Source records

+++++

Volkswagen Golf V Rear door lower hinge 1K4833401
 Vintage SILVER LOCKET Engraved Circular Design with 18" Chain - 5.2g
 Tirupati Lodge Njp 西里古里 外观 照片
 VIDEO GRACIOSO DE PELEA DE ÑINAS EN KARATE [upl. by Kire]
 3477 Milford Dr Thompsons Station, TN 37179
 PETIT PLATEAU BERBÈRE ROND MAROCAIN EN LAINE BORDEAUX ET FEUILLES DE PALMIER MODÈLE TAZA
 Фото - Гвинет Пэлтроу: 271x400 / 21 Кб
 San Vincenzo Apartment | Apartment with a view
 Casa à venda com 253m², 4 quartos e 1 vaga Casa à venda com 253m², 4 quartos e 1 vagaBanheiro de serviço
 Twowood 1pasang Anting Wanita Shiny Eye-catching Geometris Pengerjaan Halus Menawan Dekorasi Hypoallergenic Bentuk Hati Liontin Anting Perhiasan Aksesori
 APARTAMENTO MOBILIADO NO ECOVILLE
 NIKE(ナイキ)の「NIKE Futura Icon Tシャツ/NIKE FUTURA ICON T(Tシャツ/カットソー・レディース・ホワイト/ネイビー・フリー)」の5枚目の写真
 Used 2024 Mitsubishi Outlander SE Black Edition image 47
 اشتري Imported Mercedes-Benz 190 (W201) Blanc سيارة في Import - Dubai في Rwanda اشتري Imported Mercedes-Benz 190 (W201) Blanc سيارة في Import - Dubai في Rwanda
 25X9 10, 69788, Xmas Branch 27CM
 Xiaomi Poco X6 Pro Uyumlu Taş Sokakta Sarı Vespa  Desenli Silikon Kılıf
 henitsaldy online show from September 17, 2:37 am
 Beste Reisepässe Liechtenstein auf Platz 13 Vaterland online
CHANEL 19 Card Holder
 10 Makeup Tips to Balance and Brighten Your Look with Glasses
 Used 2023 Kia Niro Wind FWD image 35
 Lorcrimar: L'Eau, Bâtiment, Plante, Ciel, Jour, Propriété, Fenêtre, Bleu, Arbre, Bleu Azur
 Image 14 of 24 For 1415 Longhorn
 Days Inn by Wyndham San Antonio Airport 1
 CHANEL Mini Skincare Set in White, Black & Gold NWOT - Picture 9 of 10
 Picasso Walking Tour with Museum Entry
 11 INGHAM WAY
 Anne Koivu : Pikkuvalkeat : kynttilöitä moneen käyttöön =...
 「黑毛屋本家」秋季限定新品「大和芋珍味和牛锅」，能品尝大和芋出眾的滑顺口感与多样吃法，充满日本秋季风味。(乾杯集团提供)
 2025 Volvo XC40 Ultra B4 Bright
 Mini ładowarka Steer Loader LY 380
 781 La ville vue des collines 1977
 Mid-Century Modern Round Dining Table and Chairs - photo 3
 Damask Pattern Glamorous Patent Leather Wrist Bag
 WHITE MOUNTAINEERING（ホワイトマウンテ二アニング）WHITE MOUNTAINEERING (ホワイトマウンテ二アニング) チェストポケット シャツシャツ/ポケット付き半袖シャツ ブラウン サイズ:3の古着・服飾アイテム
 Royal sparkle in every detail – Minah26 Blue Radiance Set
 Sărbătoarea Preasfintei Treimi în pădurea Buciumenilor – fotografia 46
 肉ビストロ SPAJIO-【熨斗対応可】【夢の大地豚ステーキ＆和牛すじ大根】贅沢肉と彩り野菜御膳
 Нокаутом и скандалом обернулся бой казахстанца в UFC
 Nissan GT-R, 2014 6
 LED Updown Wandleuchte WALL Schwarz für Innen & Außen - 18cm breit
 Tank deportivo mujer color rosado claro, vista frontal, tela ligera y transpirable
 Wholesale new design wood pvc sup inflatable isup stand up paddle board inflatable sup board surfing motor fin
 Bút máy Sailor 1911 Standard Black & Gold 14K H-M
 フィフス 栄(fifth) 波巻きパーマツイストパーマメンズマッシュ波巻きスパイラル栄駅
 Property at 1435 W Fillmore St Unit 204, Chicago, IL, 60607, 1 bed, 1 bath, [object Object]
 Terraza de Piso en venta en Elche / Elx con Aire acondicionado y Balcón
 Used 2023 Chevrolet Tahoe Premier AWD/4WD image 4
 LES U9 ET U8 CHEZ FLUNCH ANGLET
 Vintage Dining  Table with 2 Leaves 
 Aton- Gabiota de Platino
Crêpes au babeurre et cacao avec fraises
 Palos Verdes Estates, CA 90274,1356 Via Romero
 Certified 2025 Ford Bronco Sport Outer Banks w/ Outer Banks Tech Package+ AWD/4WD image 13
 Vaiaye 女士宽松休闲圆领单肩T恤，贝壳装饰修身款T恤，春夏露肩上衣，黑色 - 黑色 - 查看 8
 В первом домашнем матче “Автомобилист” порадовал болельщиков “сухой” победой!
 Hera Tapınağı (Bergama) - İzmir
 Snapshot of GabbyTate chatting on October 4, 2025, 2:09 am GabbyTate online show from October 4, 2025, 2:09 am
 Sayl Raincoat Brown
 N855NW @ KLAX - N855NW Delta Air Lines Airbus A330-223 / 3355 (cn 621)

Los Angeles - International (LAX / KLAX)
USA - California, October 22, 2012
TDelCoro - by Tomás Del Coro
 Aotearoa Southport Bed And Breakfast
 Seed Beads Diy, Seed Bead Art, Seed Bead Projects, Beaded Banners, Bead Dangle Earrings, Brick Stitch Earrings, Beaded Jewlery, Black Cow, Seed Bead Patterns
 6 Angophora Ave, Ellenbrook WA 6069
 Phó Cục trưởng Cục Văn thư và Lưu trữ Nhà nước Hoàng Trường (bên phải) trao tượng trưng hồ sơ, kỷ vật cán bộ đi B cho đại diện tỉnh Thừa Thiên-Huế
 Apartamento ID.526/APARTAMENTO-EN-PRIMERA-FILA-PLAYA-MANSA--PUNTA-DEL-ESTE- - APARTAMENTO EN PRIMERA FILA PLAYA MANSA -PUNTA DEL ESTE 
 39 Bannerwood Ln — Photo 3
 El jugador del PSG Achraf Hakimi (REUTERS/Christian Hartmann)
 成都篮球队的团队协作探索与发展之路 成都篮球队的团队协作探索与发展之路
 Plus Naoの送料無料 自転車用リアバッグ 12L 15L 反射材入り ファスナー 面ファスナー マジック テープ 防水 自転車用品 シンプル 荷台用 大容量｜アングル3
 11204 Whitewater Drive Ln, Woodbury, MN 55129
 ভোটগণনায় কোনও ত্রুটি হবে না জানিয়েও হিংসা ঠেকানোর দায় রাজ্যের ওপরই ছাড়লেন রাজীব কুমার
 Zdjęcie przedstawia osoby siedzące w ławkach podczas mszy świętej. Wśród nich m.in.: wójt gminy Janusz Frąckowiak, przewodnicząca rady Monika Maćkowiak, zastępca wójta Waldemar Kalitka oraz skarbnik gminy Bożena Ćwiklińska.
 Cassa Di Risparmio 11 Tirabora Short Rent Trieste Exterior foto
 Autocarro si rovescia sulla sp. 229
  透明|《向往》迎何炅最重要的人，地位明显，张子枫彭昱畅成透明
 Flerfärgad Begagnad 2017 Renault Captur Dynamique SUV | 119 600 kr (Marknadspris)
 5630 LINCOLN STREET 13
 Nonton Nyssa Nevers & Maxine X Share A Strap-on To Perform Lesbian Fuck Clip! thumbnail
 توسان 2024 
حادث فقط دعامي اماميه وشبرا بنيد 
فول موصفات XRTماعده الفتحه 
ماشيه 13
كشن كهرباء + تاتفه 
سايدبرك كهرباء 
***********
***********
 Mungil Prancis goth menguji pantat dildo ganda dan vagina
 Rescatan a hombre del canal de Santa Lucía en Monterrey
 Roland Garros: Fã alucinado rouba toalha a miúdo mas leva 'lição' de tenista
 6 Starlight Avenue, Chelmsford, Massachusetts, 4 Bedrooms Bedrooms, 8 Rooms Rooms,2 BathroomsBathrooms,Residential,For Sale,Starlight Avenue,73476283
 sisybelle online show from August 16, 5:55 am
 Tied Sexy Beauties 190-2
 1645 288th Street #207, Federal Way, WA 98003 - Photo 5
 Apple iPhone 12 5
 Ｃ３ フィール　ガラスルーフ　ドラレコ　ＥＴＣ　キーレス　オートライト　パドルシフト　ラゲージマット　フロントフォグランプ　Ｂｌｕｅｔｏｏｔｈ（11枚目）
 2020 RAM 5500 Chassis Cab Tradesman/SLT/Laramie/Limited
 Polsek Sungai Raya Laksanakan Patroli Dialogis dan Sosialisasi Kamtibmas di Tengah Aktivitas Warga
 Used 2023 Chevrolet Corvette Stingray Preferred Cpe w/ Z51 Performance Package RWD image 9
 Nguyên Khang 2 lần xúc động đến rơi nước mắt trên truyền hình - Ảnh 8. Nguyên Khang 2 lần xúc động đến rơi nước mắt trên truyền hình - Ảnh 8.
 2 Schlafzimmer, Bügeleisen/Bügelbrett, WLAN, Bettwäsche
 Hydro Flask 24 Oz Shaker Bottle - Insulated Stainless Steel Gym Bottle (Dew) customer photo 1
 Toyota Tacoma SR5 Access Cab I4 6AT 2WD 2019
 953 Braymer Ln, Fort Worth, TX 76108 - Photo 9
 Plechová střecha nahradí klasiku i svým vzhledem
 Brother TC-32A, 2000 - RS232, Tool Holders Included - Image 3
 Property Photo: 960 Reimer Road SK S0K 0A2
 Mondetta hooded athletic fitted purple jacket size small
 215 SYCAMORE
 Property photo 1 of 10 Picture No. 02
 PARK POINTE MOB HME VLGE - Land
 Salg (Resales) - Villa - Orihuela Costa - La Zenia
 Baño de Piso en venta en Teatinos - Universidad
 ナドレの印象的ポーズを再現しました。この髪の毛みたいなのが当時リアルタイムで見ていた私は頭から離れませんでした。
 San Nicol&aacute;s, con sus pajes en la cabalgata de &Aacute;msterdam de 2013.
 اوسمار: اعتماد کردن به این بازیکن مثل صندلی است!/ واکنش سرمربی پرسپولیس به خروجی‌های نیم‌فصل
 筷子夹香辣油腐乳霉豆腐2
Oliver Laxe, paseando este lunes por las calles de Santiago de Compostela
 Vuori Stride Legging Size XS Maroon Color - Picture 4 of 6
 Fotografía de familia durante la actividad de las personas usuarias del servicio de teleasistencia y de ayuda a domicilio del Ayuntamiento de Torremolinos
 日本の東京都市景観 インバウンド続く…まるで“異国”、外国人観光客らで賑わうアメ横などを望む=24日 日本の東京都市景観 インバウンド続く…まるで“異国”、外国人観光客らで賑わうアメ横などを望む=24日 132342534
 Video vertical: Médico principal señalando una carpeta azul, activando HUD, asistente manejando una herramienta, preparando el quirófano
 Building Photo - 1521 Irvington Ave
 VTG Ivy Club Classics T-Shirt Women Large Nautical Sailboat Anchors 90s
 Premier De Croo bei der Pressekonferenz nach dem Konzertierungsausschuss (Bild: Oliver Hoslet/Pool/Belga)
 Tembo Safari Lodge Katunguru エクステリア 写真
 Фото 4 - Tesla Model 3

+++++

**WHAT THE TASK ASKS:**
Reproduce exactly the entries above, limited to the lines from the one with "حادث فقط دعامي اماميه وشبرا بنيد" through the one with "Roland Garros: Fã", both included.

**SOLUTION TO THIS TASK:**
حادث فقط دعامي اماميه وشبرا بنيد 
فول موصفات XRTماعده الفتحه 
ماشيه 13
كشن كهرباء + تاتفه 
سايدبرك كهرباء 
***********
***********
 Mungil Prancis goth menguji pantat dildo ganda dan vagina
 Rescatan a hombre del canal de Santa Lucía en Monterrey
 Roland Garros: Fã alucinado rouba toalha a miúdo mas leva 'lição' de tenista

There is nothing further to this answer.